From: Sam Varshavchik
Date: Fri Sep 16 2016 - 18:36:16 EST


Linus Torvalds writes:

On Fri, Sep 16, 2016 at 1:10 PM, Laura Abbott <labbott@xxxxxxxxxx> wrote:
>
> As far as I can tell this isn't Fedora specific.

Some googling does seem to say that "datalimit 20M" and "named.conf"
ends up being some really old default that just gets endlessly copied.

So no, it's not Fedora-specific per se.

I'll confirm that.

It's been sitting in my named.conf for at least ten years. I don't remember where it came from. The Google sources are very likely. I probably copied it, from some tutorial.

But I suspect most people with a named.conf did either

(a) get it from their distro and didn't change it and so if the
distro just updates theirs, things will automatically "just work"

(b) actually did write their own (or at least edited it), and knows
what they are doing, and have absolutely no problem removing or
updating that datalimit thing.

(b) in my case. Now that the root cause is mostly known, I'll just bump it up.

The really annoying thing seems to be that the kernel message has been
hidden too much. IOW, Sam in his bugzilla report clearly found the
system messages with

Sep 10 07:38:23 shorty systemd-coredump: Process 1651 (named) of
user 25 dumped core.

but for some reason never noticed the kernel saying (quoting Jason):

mmap: named (593): VmData 27566080 exceed data ulimit 20971520.
Update limits or use boot option ignore_rlimit_data

at the same time.

Ok, the kernel only says it *once*. Maybe Sam had it in his logs, but
didn't notice the initial failure (which would have had the kernel
message too), and he then looked at the logs for when he tried to
re-start.

I still have this log file. Looking over it, this is indeed what happened.
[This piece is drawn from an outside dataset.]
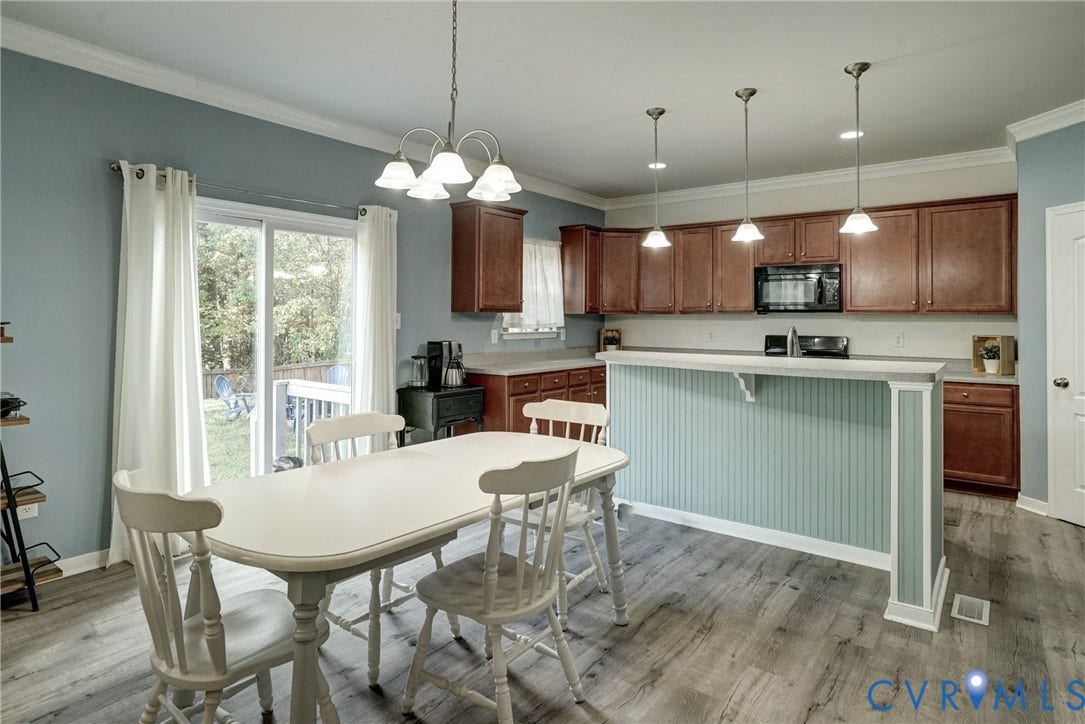 8909 Hollycroft Court, Mechanicsville, VA 23116 Kitchen featuring stained wood cabinetry, a peninsula with beadboard paneling, wood-finish flooring, recessed lighting, and a multi-light chandelier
Or maybe the system logs don't have those kernel messages, which would
be a disaster.

So maybe we should just change the "pr_warn_once()" into
"pr_warn_ratelimited()", except the default rate limits for that are
wrong (we'd perhaps want something like "at most once every minute" or
similar, while the default rate limits are along the lines of "max 10
lines every 5 _seconds_").

Sam, do you end up seeing the kernel warning in your logs if you just
go back earlier in the boot?

Yes, I found it.

Sep 10 07:36:29 shorty kernel: mmap: named (1108): VmData 52588544 exceed data ulimit 20971520. Update limits or use boot option ignore_rlimit_data.

Now that I know what to search for: this appeared about 300 lines earlier in /var/log/messages.
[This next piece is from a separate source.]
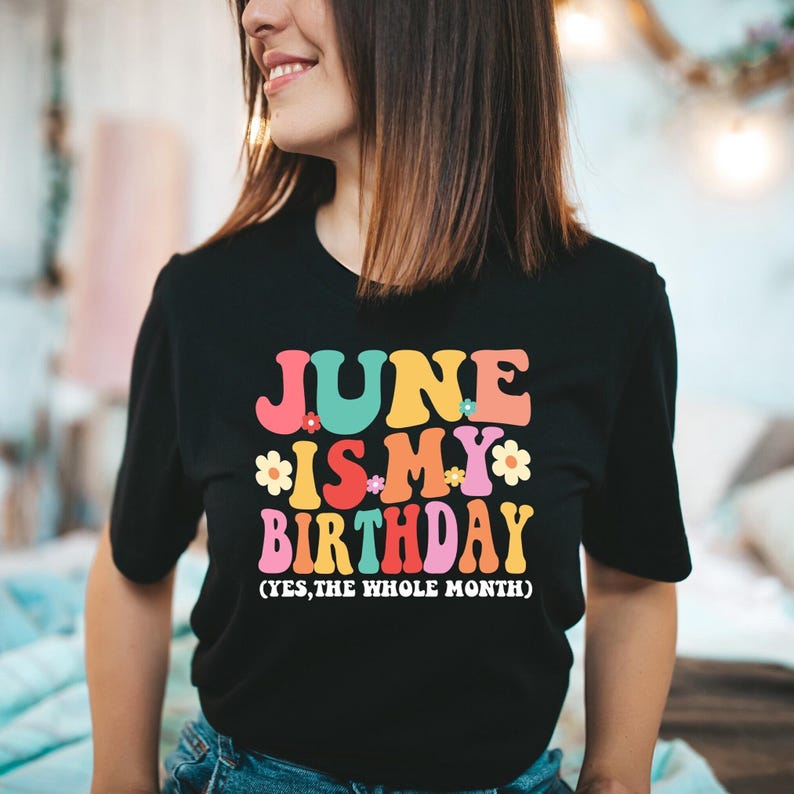 May include: Black t-shirt with a colorful graphic that says "June is my birthday (yes, the whole month)".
When trying to figure out what's going on with named, searching backwards in time, and finding the logged segault @07:38:23, IIRC I only looked as far back until the @07:38:23 timestamp started, and did not see anything other the apparent segfault. Before that, /var/log/messages was full of other noise. The original named that was launched two minutes earlier was ancient history, by then.

All I saw was that named was apparently segfaulting after booting a new kernel. Ok, boot back to the previous kernel, search bugzilla to see if it was reported already, and, if not, create it yourself. That's what happened.